Die Walkenrieder Zisterziensermönche sind nicht die Väter der Oberharzer Wasserwirtschaft, waren aber führend im Harzer Hüttenwesen
Soeben erschien im Lukas-Verlag Berlin der 70. Jahrgang der Harz-Zeitschrift für das Jahr 2018, die für den in Wernigerode ansässigen Harz-Verein für Geschichte und Altertumskunde e. V. von Dr. Jörg Brückner herausgegeben wird. Die Zeitschrift hat eine lange Geschichte – sie erschien erstmals 1868, dem Gründungsjahr des Vereins.
Vereinsgeschichte
Im April 1868 wurde in Wernigerode der Harz-Verein für Geschichte und Altertumskunde e.V. gegründet. Schon von Anfang an sollte er die Geschichtsinteressen aller am Harz beteiligten Menschen und Orte bündeln. Seit 1868 erscheint auch die durch den Harz-Verein herausgegebene Zeitschrift des Harz-Vereins für Geschichte und Altertumskunde e.V., seit 1948 Harz-Zeitschrift genannt.
Der Harz-Verein hat eine wechselvolle Geschichte, die zunächst sehr stark mit seinen prägenden Vorstandsmitgliedern verknüpft war. Bedeutende Vorstandsmitglieder waren u.a. der 1. Vorsitzende, Graf Botho zu Stolberg-Wernigerode, der gräfliche Bibliothekar und Archivar Eduard Jacobs, der Wernigeröder Amtsgerichtsrat Walter Grosse, der Ehrenvorsitzende Karl Wolfgang Sanders, der den Verein nach dem 2. Weltkrieg wieder ins Leben rief, der langjährige Kustos am Braunschweigischen Landesmuseum Christof Römer sowie viele weitere Persönlichkeiten, die weit über die Geschichte des Harzes hinaus von Bedeutung sind.

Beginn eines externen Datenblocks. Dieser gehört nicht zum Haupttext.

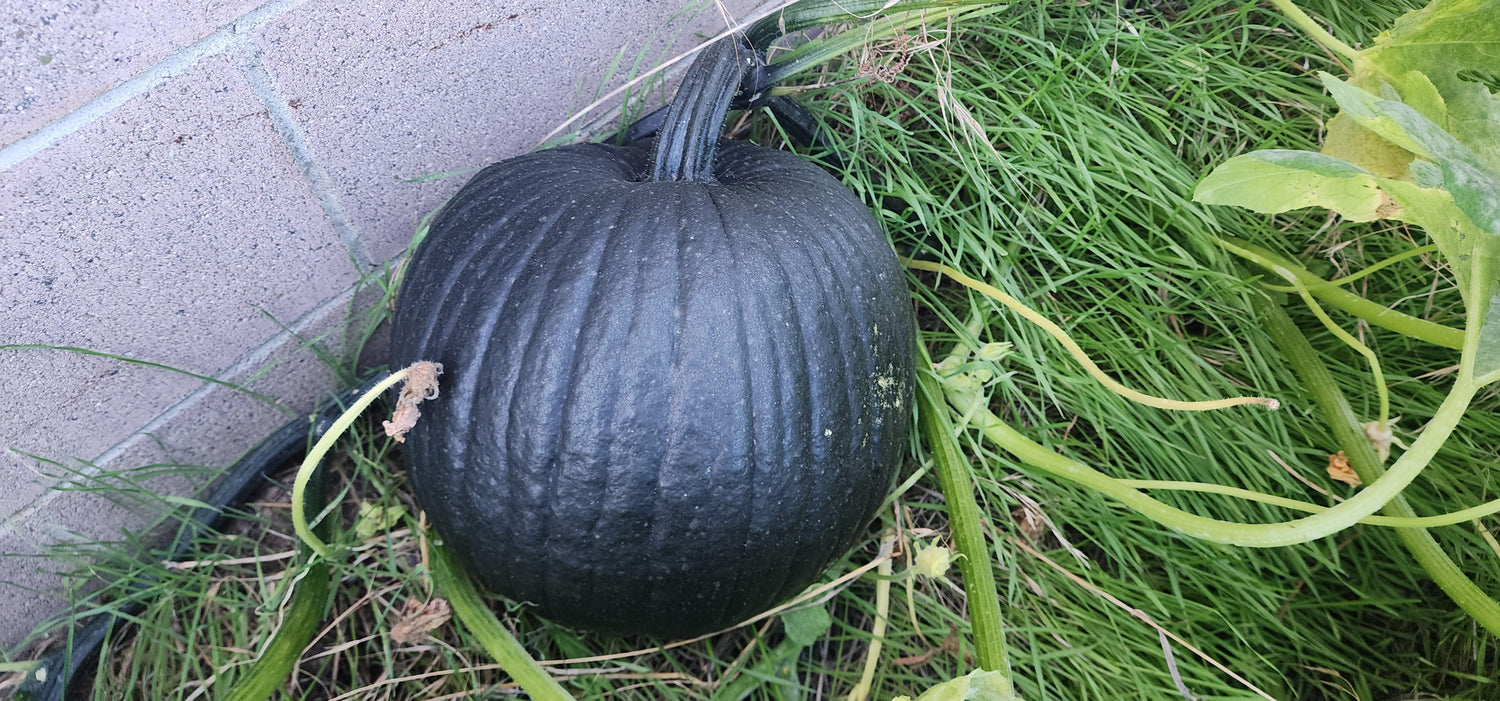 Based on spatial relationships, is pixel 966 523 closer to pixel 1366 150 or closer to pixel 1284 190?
pixel 1284 190

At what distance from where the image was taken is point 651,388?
87 cm

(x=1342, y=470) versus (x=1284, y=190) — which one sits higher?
(x=1284, y=190)

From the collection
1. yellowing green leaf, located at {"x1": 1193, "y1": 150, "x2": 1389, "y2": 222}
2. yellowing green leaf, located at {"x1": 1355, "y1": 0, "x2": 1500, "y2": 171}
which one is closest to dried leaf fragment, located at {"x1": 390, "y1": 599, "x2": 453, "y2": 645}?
yellowing green leaf, located at {"x1": 1193, "y1": 150, "x2": 1389, "y2": 222}

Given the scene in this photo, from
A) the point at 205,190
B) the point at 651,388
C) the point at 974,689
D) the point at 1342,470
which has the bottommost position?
the point at 1342,470

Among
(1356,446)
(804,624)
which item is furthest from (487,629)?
(1356,446)

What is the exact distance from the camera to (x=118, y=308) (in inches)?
39.9

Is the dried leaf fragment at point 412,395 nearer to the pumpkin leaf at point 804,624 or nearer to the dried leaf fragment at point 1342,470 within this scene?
the pumpkin leaf at point 804,624

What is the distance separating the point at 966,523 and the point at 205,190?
942mm

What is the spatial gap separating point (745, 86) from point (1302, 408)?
866 millimetres

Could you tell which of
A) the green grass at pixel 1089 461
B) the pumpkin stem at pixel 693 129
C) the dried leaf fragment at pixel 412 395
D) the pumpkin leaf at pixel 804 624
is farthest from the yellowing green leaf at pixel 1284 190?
the dried leaf fragment at pixel 412 395

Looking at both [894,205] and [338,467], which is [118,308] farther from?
[894,205]

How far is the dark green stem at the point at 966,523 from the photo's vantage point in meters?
1.00

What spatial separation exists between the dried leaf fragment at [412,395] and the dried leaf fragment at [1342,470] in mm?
1041

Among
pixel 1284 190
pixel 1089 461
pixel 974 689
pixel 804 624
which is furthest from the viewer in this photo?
pixel 1089 461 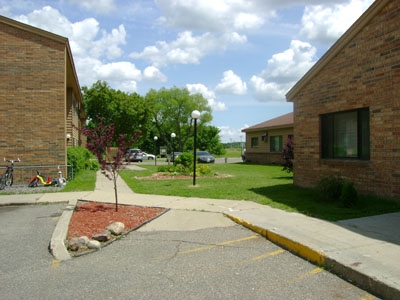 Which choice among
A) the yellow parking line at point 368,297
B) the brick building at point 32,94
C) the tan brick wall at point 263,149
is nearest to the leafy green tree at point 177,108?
the tan brick wall at point 263,149

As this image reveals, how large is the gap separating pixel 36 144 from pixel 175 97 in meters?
48.3

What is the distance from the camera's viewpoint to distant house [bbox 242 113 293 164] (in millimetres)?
28281

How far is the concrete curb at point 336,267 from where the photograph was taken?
142 inches

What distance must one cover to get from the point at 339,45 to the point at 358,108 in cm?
182

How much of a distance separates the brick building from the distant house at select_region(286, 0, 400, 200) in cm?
900

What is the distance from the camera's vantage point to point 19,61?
533 inches

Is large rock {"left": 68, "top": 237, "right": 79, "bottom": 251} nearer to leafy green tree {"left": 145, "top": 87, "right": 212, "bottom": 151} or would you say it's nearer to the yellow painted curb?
the yellow painted curb

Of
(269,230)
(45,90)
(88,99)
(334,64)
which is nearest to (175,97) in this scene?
(88,99)

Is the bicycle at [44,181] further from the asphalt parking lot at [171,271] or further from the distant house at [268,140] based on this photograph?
the distant house at [268,140]

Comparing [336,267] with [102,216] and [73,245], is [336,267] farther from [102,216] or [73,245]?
[102,216]

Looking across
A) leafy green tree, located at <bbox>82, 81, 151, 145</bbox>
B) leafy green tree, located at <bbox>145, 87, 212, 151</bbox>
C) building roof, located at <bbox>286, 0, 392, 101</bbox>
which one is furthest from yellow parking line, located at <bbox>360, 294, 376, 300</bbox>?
leafy green tree, located at <bbox>145, 87, 212, 151</bbox>

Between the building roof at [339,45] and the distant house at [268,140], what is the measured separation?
52.1 ft

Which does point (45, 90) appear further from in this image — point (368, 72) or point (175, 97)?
point (175, 97)

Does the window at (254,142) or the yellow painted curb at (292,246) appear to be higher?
the window at (254,142) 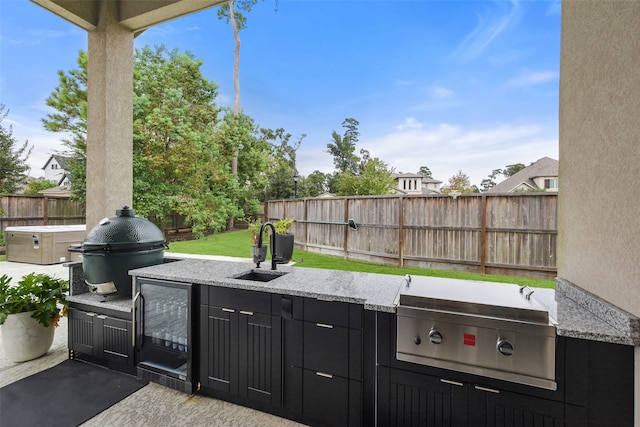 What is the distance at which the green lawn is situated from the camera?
13.8ft

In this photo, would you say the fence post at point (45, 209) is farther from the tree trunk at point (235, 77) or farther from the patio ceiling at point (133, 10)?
the patio ceiling at point (133, 10)

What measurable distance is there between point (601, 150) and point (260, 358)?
2.06 meters

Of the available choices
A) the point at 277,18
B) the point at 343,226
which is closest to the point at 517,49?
the point at 343,226

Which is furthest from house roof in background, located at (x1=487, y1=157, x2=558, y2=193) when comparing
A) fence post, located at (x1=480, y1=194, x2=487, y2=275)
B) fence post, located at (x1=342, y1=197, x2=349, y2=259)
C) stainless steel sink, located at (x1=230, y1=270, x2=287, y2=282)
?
stainless steel sink, located at (x1=230, y1=270, x2=287, y2=282)

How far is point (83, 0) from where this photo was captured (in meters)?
2.64

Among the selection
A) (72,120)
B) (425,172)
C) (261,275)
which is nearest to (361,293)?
(261,275)

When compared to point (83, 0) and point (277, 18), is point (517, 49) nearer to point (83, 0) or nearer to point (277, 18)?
point (277, 18)

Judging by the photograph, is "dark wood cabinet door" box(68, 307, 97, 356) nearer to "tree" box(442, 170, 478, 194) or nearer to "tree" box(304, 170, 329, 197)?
"tree" box(304, 170, 329, 197)

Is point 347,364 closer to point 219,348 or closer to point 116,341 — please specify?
point 219,348

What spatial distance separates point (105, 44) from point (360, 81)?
477 cm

Der Harz-Verein für Geschichte und Altertumskunde e.V. arbeitet länderübergreifend in Sachsen-Anhalt, Niedersachsen und Thüringen – konsequenterweise ist er denn auch beim Vereinsregister Braunschweig registriert und unterhält seine Geschäftsstelle seit 2000 bei der Schloß Wernigerode GmbH. Der Verein gibt eine Monografien-Reihe heraus – die Forschungen zur Geschichte des Harzgebietes (kurz Harz-Forschungen). Diese bündeln immer wieder besondere Fragestellungen und Interessen, die das Harzgebiet betreffen. Gegenwärtig unterhält der Harz-Verein mehrere Arbeitskreise:
- zur Archäologie des Harzes, geleitet von Hans-Jürgen Grönke in Nordhausen,
- zur Landesgeschichte mit Kirchen- und Klostergeschichte, geleitet von Dr. Monika Lücke in Naundorf bei Halle,
- zur Montangeschichte, geleitet von Hans-Heinrich Hillegeist und Dr. Wilfried Ließmann in Göttingen,
- zur Rechtsgeschichte, geleitet von Dr. Dieter Pötschke in Leest bei Potsdam
- und zur Zeitgeschichte in der Verantwortung von Dr. Friedhart Knolle in Goslar in Verbindung mit dem Verein Spurensuche Harzregion e.V.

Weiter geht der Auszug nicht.